• WHAT NEEDS TO BE DONE: Would you return exactly the lines below from the line with "Coach Randall Relief™️Ultimate" through the line with "Kako dobite originalni", both included, and nothing else, leaving out the pictures?

• MATERIALS PROVIDED:
▼
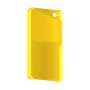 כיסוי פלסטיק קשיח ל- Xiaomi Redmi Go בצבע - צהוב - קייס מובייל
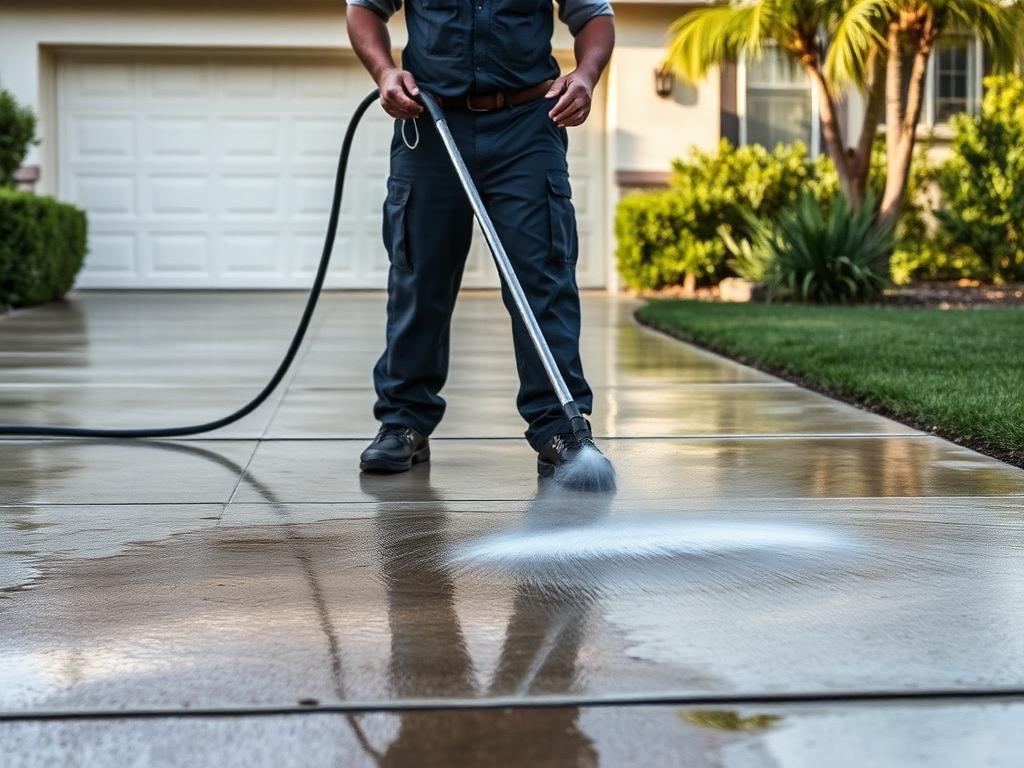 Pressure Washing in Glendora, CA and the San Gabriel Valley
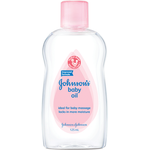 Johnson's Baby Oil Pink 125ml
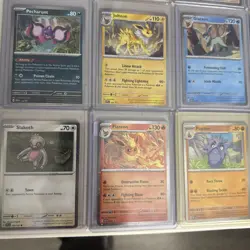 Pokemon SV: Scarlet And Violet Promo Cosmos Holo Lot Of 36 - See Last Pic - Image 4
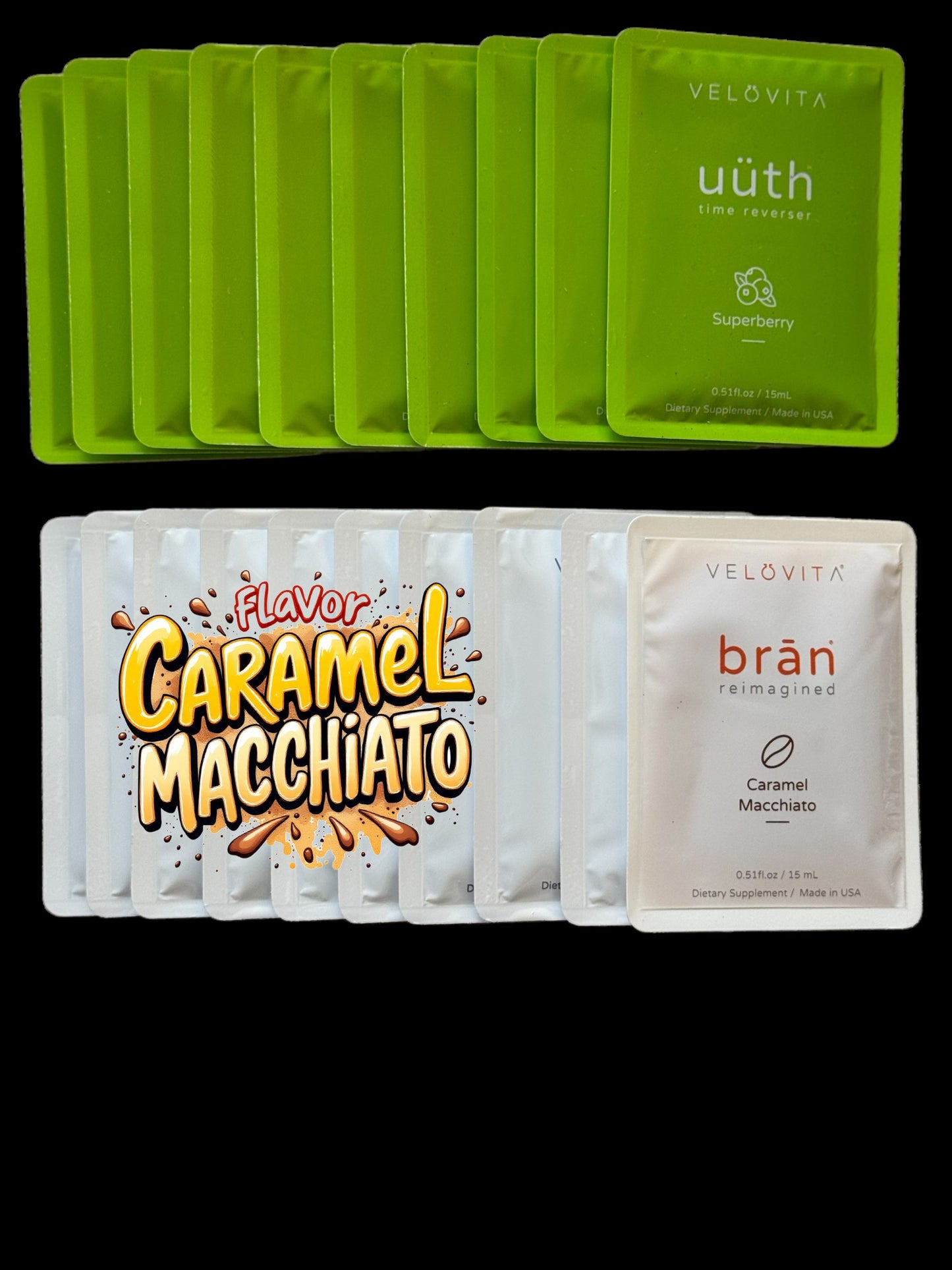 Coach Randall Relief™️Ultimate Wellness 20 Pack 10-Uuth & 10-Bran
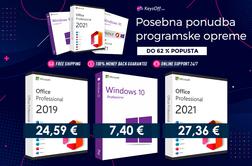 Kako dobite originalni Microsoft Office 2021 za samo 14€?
▲
▼
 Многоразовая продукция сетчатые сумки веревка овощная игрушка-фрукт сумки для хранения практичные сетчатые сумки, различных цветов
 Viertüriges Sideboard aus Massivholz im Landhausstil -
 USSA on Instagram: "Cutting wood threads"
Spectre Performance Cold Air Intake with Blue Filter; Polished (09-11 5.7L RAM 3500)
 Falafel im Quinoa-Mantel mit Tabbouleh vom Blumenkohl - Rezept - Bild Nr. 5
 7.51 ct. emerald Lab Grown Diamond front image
▲
• ANSWER FOR THIS EXERCISE:
 Coach Randall Relief™️Ultimate Wellness 20 Pack 10-Uuth & 10-Bran
 Kako dobite originalni Microsoft Office 2021 za samo 14€?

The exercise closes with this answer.